MRD readers will be aware of the Mountain Research Initiative (MRI) and its activities, as MRI publishes its Newsletter in MRD's “MountainPlatform” section twice a year. Ed.

MRD: What is your personal interest in MRI's main goal of “supporting the design of integrated research strategies and programs that further the understanding of impacts of global change in mountain areas and lead to tangible results for stakeholders and decision-makers”?

Greg Greenwood: I suspect that I am MRI's Executive Director exactly because my professional objectives coincide precisely with those of MRI. Making science matter to management and policy has always been my professional interest. When I worked for the California Department of Forestry, it was within the Fire and Resource Assessment Program that produced a periodic assessment of California's wildlands and forests, which are principally mountainous, for use by state government. This assessment was developed around a list of policy-relevant questions. The Assessment was widely quoted and referenced in wildland and forest management debates. Later, when I worked as Science Advisor to the California Resources Secretary, the goal was similarly to ensure by all means available that science informed budget and legislative proposals by the Administration.

At the Glochamore workshop in Granada, you presented the results of a questionnaire sent to 28 managers of Mountain Biosphere Reserves (MBRs). A surprising result of this survey was that managers do not consider the impact of climate change to be as important as such issues as tourism, fire, water quality, etc.

I think you are mischaracterizing somewhat the results of the GLOCHAMORE questionnaire. The MBR managers reported cogently on the likely impacts of climate change on their reserves and on such specific aspects as tourism, fire, water resources, and so on. Thus they clearly saw the importance of climate change as a driver within their reserves.

Of course, we at MRI understand that climate change is only one of many global and regional change drivers that affect the MBRs. Climate change is thus embedded within a matrix of other drivers. Frequently, local land use changes or global change drivers such as increases in tourism or new invasive plants pose acute and immediate problems. The questionnaire reflected this understanding and asked MBR managers to report on these drivers as well. The managers reported extensively on development, tourism, and water resources—and not just as sectors that receive impacts from climate change but as sources of change themselves.

From an implementation perspective, it is crucial to understand these other drivers, as it is the cumulative impact of these drivers that the managers are called upon to manage. The surest way to ensure a manager's help in establishing and running a research program is to ensure that the research program addresses issues as they are perceived by the managers themselves. For instance, while scientists may perceive a driver (eg climate change) more clearly, managers are more likely to see issues (eg water resources) driven in part by climate change but also by other drivers (eg tourism development, downstream irrigation needs and distant municipal supply). By developing research programs that quantify those drivers—climate change as well as others—and estimate impacts on the values that matter in a particular MBR, we have a much greater chance of advancing our particular climate change concern in an institutionally sustainable manner.

Do you think there is sufficient understanding of climate change in mountain areas to begin to formulate forward-looking strategies to adapt to future climate change?

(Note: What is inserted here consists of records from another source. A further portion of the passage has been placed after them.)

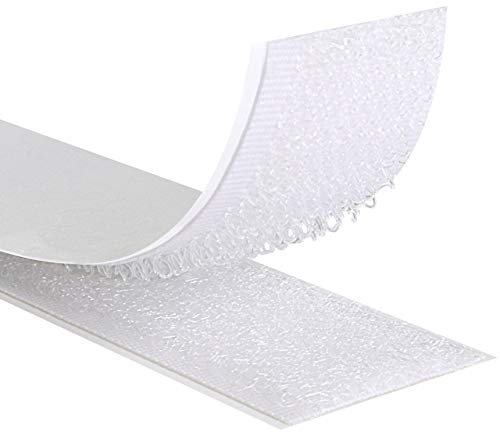 Strisce adesive autoadesive | larghezza e lunghezza a scelta | gancio, soffietto o set | 5 pezzi | nero o bianco (bianco, set – 16 mm x 150 mm)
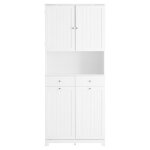 Colonne de rangement salle de bain - sobuy - 78x38x181 cm - blanc - deux paniers � linge 45 l - deux ...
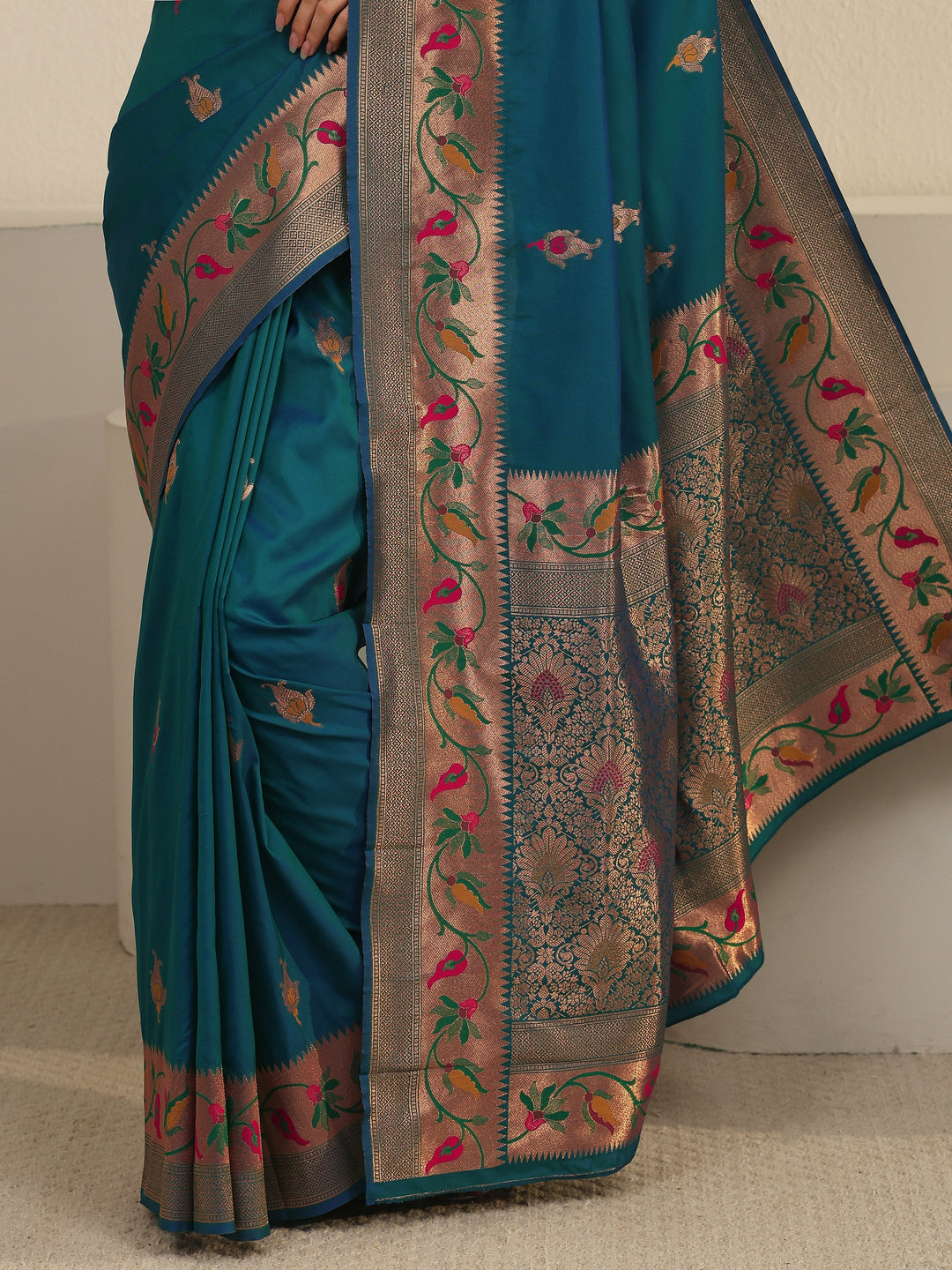  Libas Cerulean Blue Woven Design Silk Blend Saree 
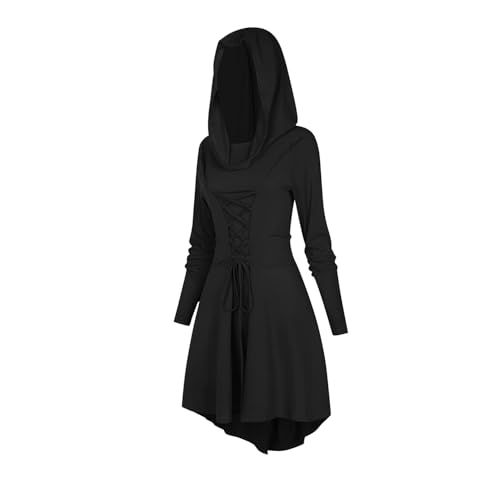 Nujvnuj Gotisches Mittelalterkleid Damen – Tägliches Kapuzenkleid mit Bindegürtel-Design für Karneval, Steampunk-Partys und Themenabende (Schwarz, S) von Nujvnuj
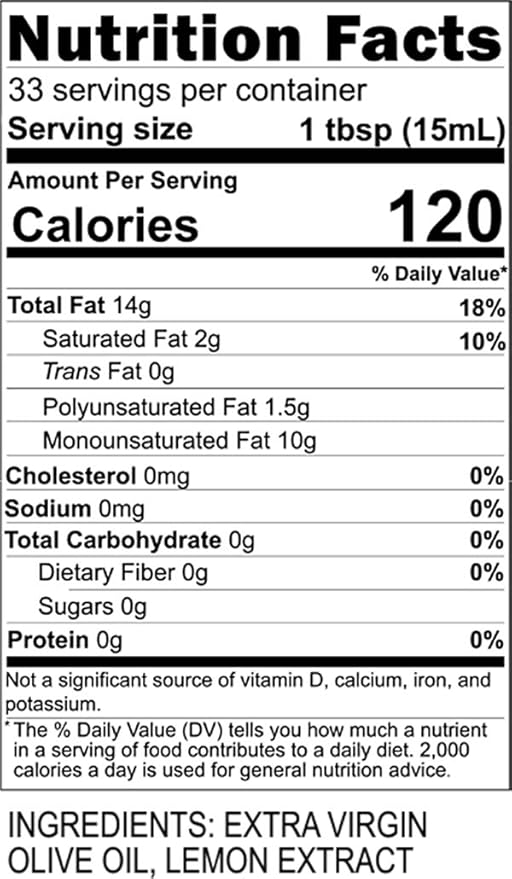 Blazing Bella Lemon Infused Extra Virgin Olive Oil – Bright Meyer Lemon Flavor Cold Pressed California Olive Oil Perfect for Salads Seafood and Everyday Cooking – 16.9 fl oz (500ml)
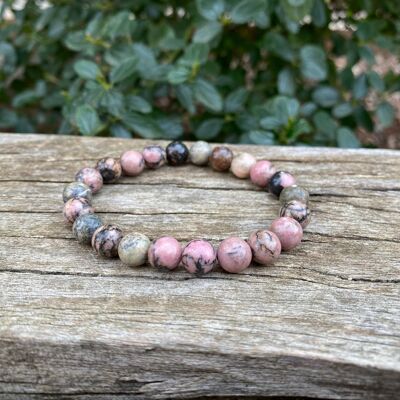 Bracelet élastique de Lithothérapie en Rhodonite naturelle - Perles de 8mm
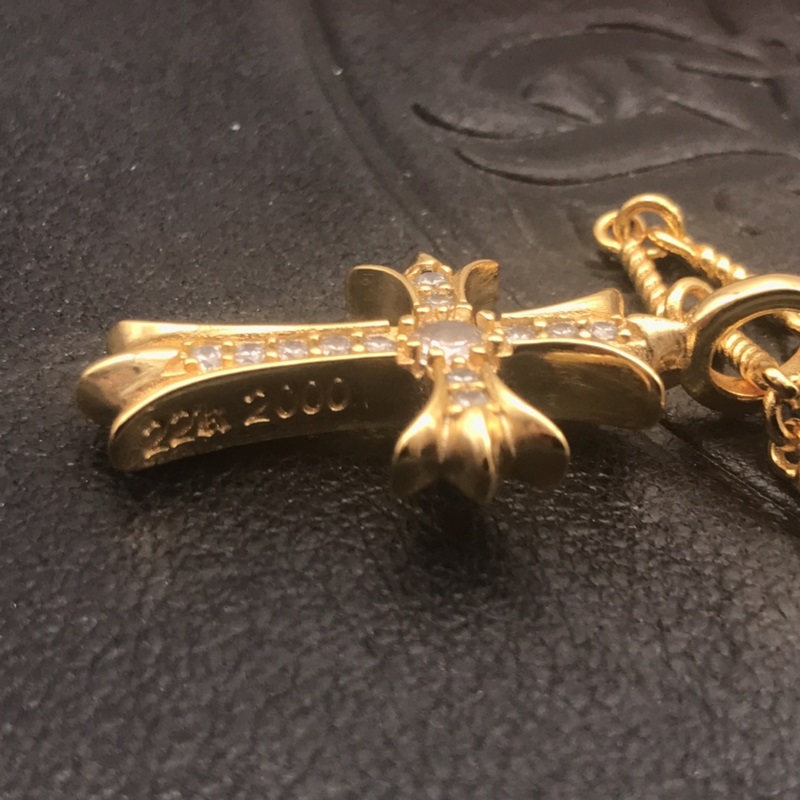 高版本克羅心白鑽雙十字架項鍊，厚鍍22K金，區別市面18K淺金色，22K是很接近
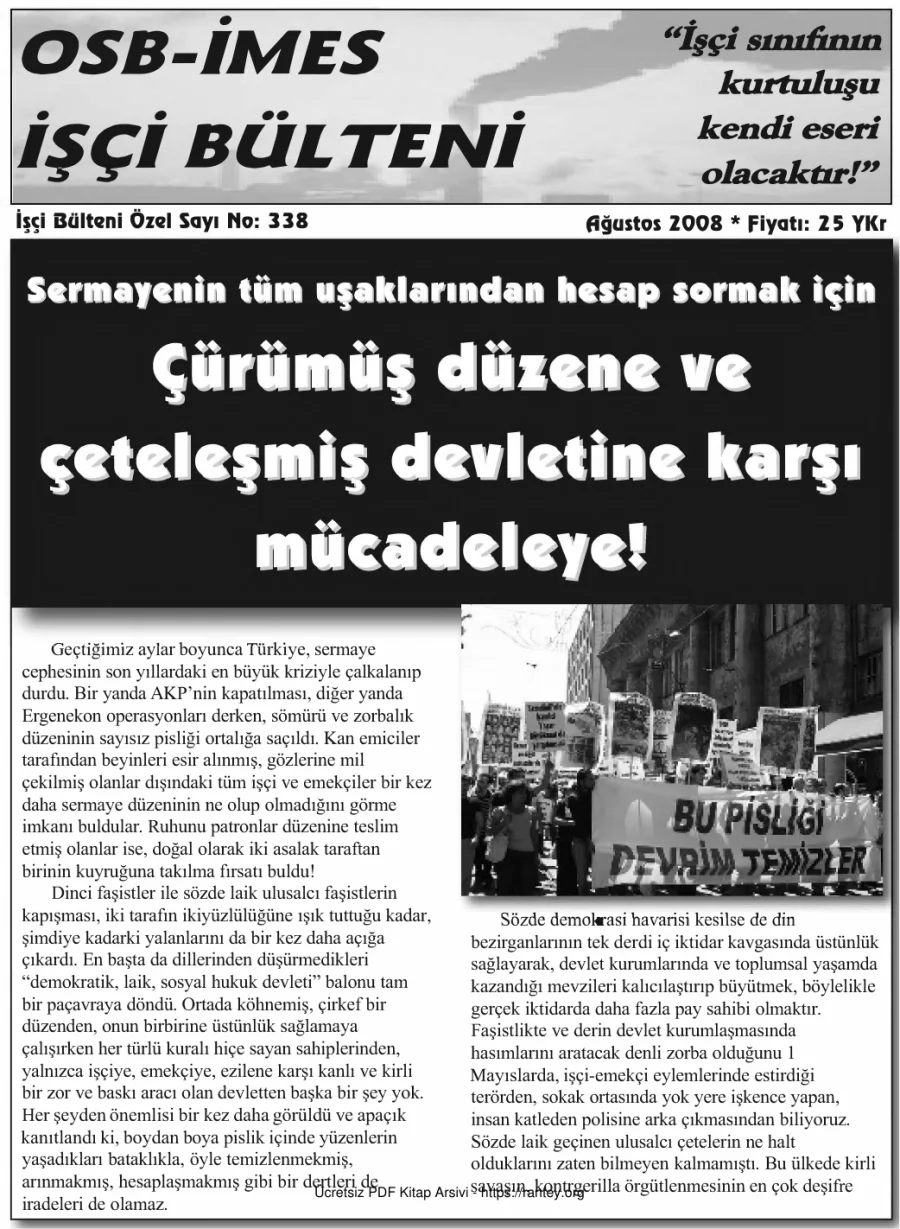 İşçi Bülteni İşçi Bülteni Özel Sayı 338 Ağustos 2008 kapak görseli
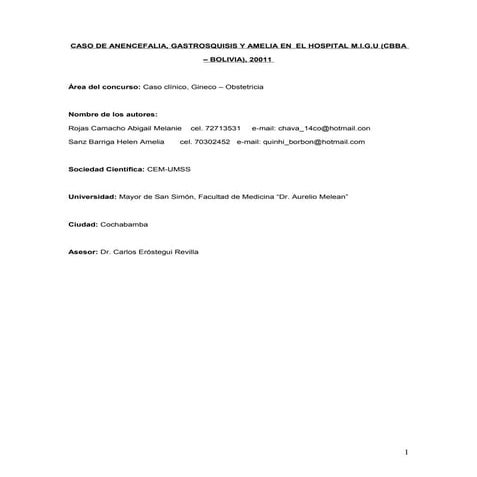 Anencefalia y gastrosquisis en  el hospital materno infantil german urquidi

Yes and no. Certainly in some sectors we have an understanding sufficient to drive some adaptation strategies. Using a California example and assuming only that temperatures will rise—something that seems like a pretty safe bet—Noah Knowles and Dan Cayan at Scripps have developed scenarios for the reduction of the Sierra snowpack (Figure 2). These scenarios are very useful for planning different water management schemes for the Sierra Nevada and the Cascades, mountain ranges that provide most of the water in the state.

But on a broader scale we do not have sufficient understanding of climate change and its impacts in mountain regions to predict outcomes and plan accordingly. For instance, while we may have great confidence that there will be on average less snow in the Sierra, we have much less confidence in estimating central tendencies and variances in the total amount of precipitation. While knowing that California will receive on average more rain and less snow is helpful, knowing total amounts of expected precipitation would be even more useful.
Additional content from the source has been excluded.